Previously, students who lived more than 1.5 miles from school got free bus or train passes. That difference of half a mile could impact thousands of students, according to the District.

Paying for your kid’s trip to school can definitely add up. Before Thursday’s vote in Philly, public school mom Helen Gym, an advocate, worried about more parents paying bus fare for their kids.

“It’s $2.25 each way,” says the co-founder of Parents United for Public Education. Multiply that by two trips a day over a school year and she says a family, “would have to pay $810 dollars a year, per child.”

That’s the full cash price Gym is quoting, but even reduced token fares add up to hundreds of dollars out of parents’ pockets.

Still, the idea of state and district cuts to transportation support is hardly new.
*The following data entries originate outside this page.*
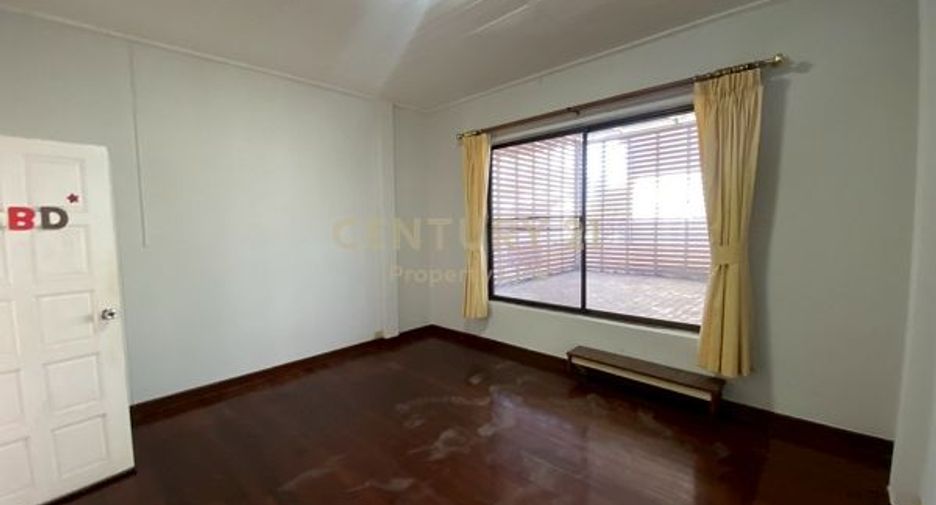 For rent 4 ベッドルーム house in Phaya Thai, Bangkok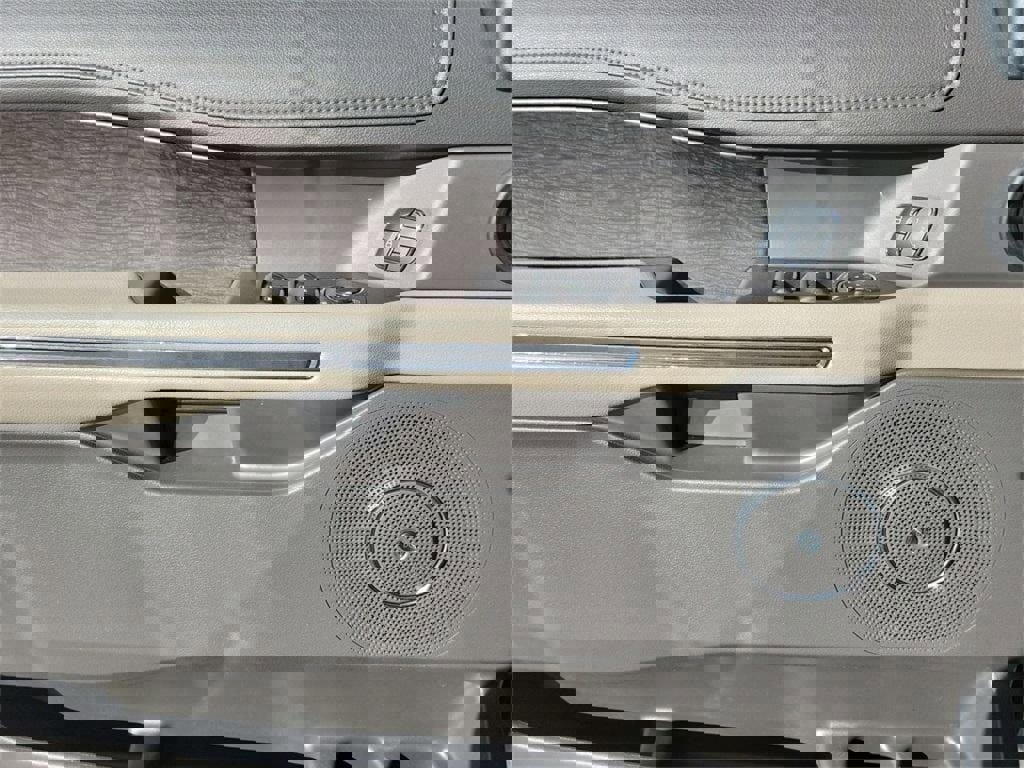 Used 2021 Ford Expedition Limited image 15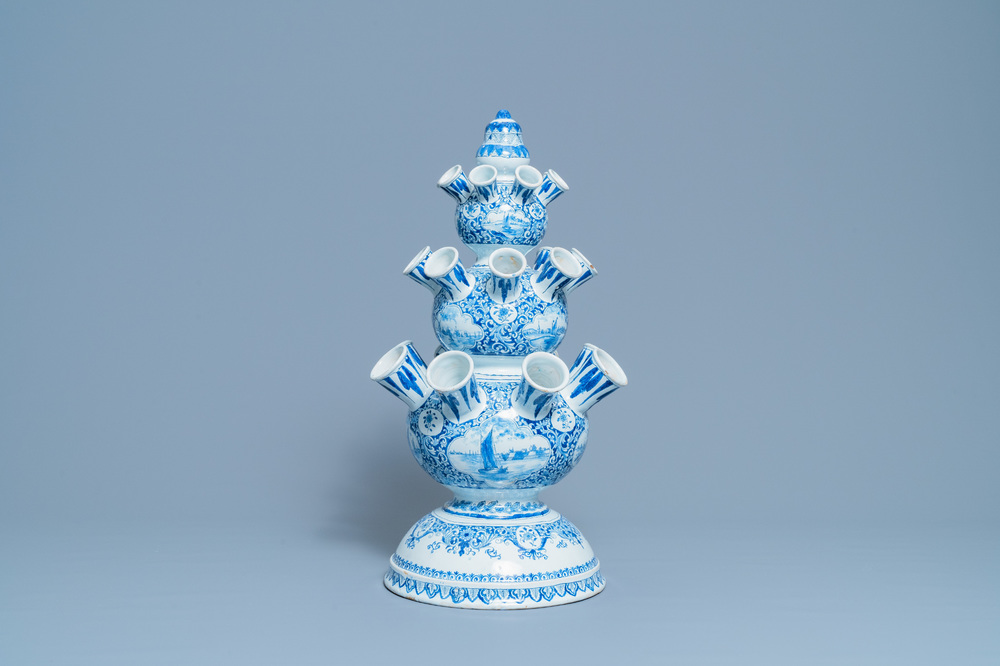 A large Dutch Delft blue and white tulip vase, 19th C.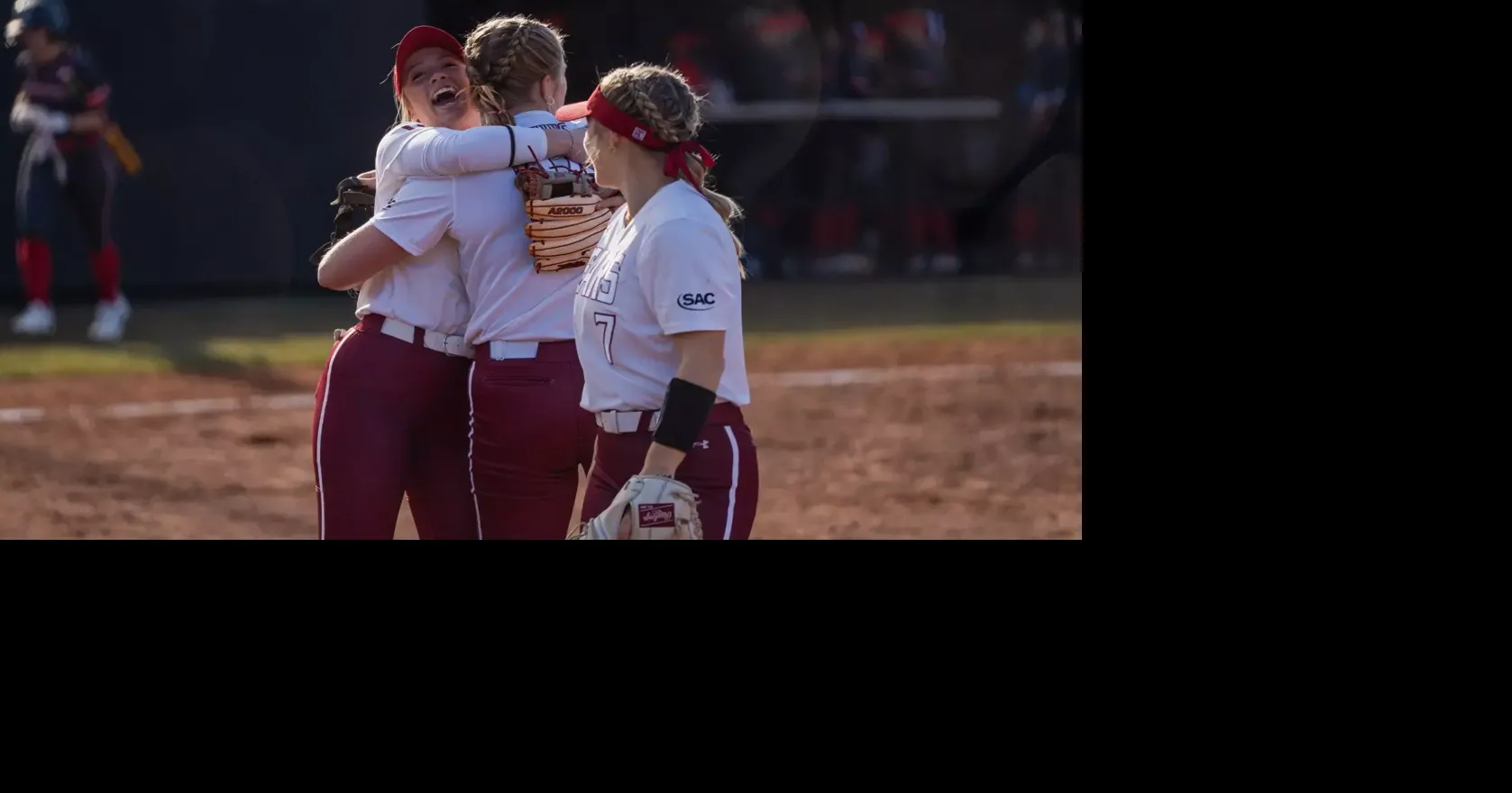 Lenoir-Rhyne softball extends winning streak to 18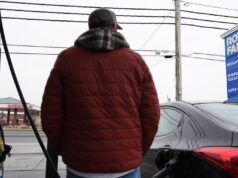 Il GOP si preoccupa per i prezzi del gas e del petrolio mentre Trump si impadronisce dello Stretto di Hormuz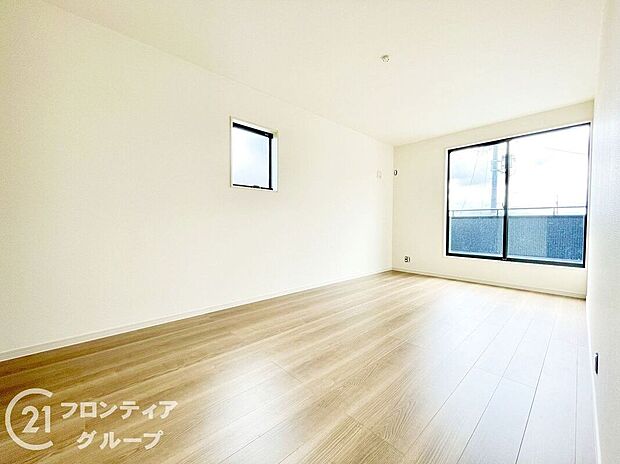 室内はシンプルな仕様となっており、それぞれの好みに合わせたインテリアで、趣味に合わせてレイアウトしやすくなっております。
In fact, Michael Griffith with the Education Commission of the States says most transportation cuts came from the recession, and have waned.

“But they’re not going back to the levels before the recession,” he says. Griffith says states and districts want to put money back into other areas first, like teachers.

“So they’re looking to replenish those areas that were cut that directly impact student learning,” he says, “and there really isn’t the money available in most districts to go back and to put it into programs and areas like transportation.”

Marguerite Roza with Georgetown University says it’s all about trade-offs. She studies public education resource spending and says higher transportation spending in and of itself isn’t necessarily the goal.

“If you’re not spending the money on transportation, then you get to spend it on something else,” she says. “So is the higher transportation spending bringing greater student outcomes or is it bringing lower student outcomes ‘cause that means there’s less spending on math.”

Though, when subsidized school transportation goes away, families may have to do more math to get through it.